Dataset extract>
:::

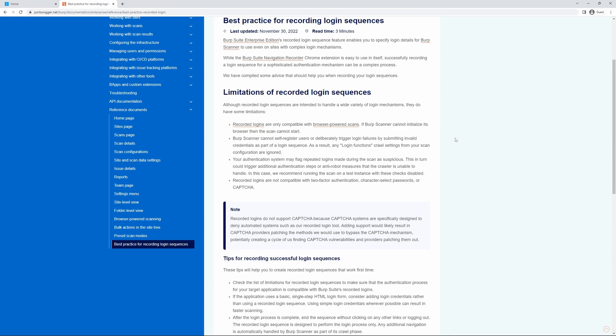Additionally, BurpScanner cannot self-register users or deliberately trigger login failures by submitting invalid credentials as part of a login sequence. As a result, any login functions exclude crawl settings from your scan configuration.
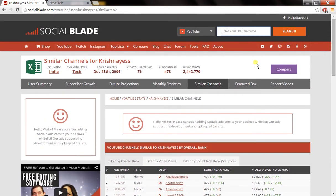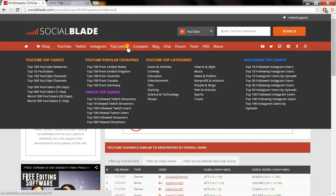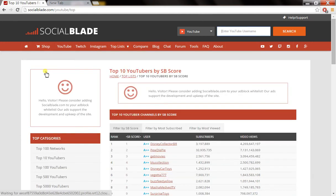It also offers YouTube top charts on different metrics: top 100 YouTube networks, top 10 YouTubers, top channels by countries, and by categories like education, comedy, technology, film, gaming, entertainment, etc.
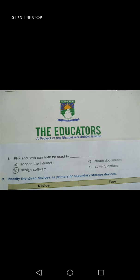PHP and Java can both be used to design software. Hope you will find help from this video, thank you students.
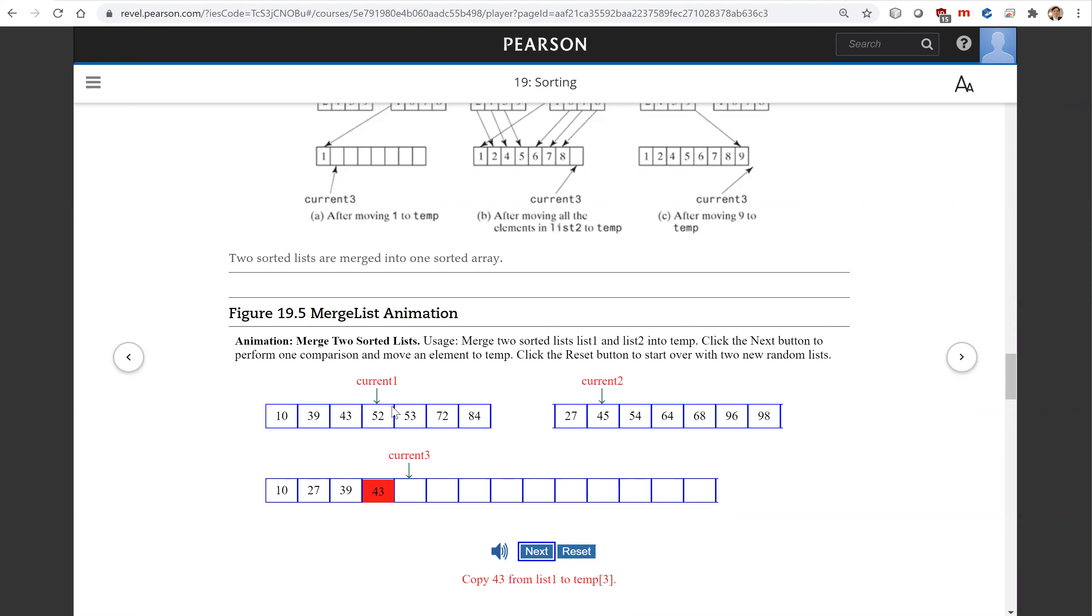Every time you make one comparison, you copy whichever is smaller to current three. So the time spent on merge is O(n), linear time.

:::

What is required>
Working from the line containing "PHP and Java" to the last line of the data, retype every line exactly, both ends included, and leave out all pictures.

Written answer>
PHP and Java can both be used to design software. Hope you will find help from this video, thank you students.
Every time you make one comparison, you copy whichever is smaller to current three. So the time spent on merge is O(n), linear time.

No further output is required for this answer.